**WHAT THE EXERCISE ASKS:**
Skip every image and restate the data word for word.

**DATA BELOW:**
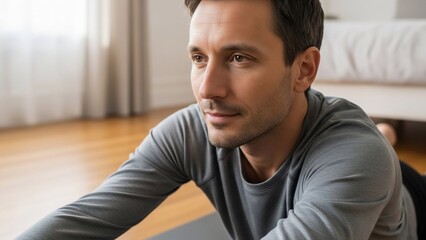 Young man doing yoga in a serene home environment.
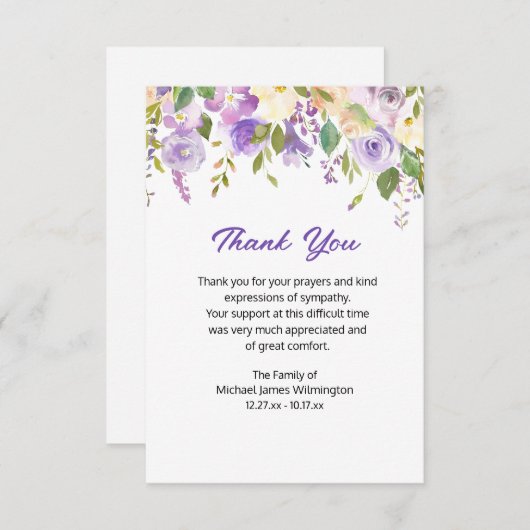 Merci funéraire floral pourpre (Devant / Derrière)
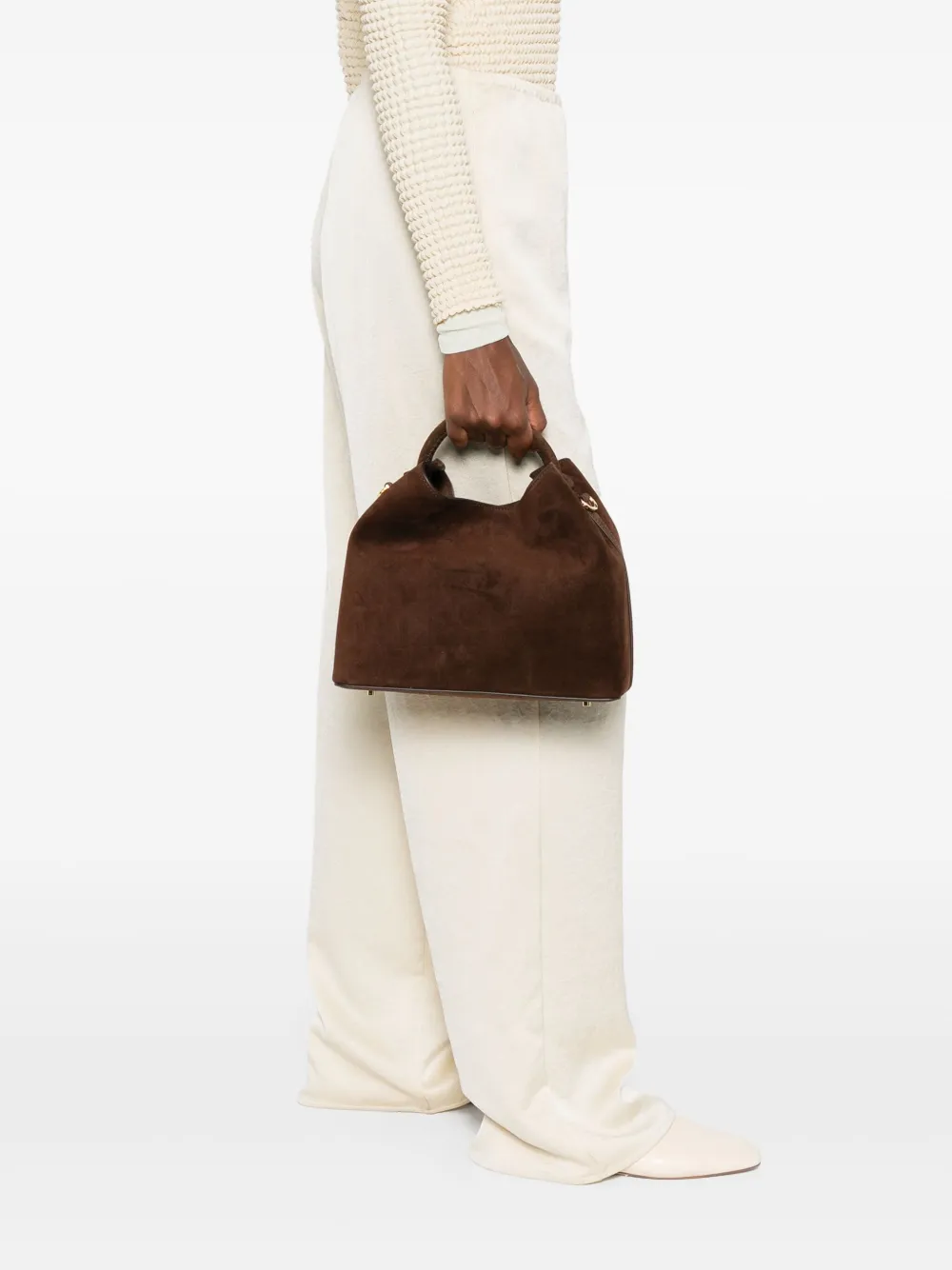 Elleme Raisin suède shopper met handgreep - Bruin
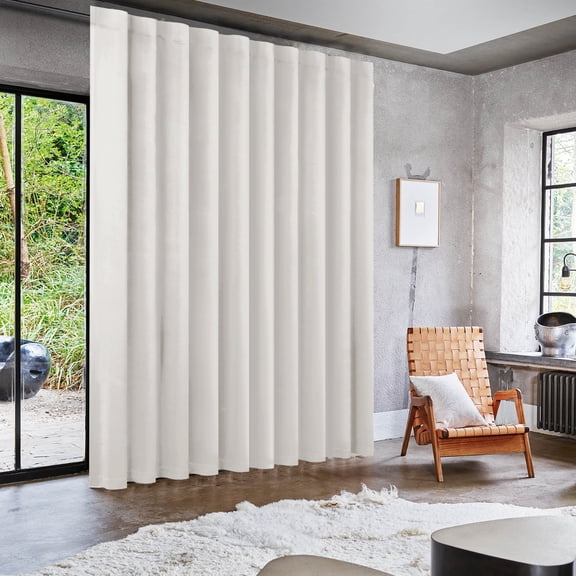 XWZO 80x84 Extra Wide Curtains for Sliding Glass Door, Room Divider Curtains 84 Inches Long 1 Panel, Back Tab & Rod Pocket Room Darkening Curtains for Bedroom Partition, Ivory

**COMPLETED EXERCISE:**
 Young man doing yoga in a serene home environment.
 Merci funéraire floral pourpre (Devant / Derrière)
 Elleme Raisin suède shopper met handgreep - Bruin
 XWZO 80x84 Extra Wide Curtains for Sliding Glass Door, Room Divider Curtains 84 Inches Long 1 Panel, Back Tab & Rod Pocket Room Darkening Curtains for Bedroom Partition, Ivory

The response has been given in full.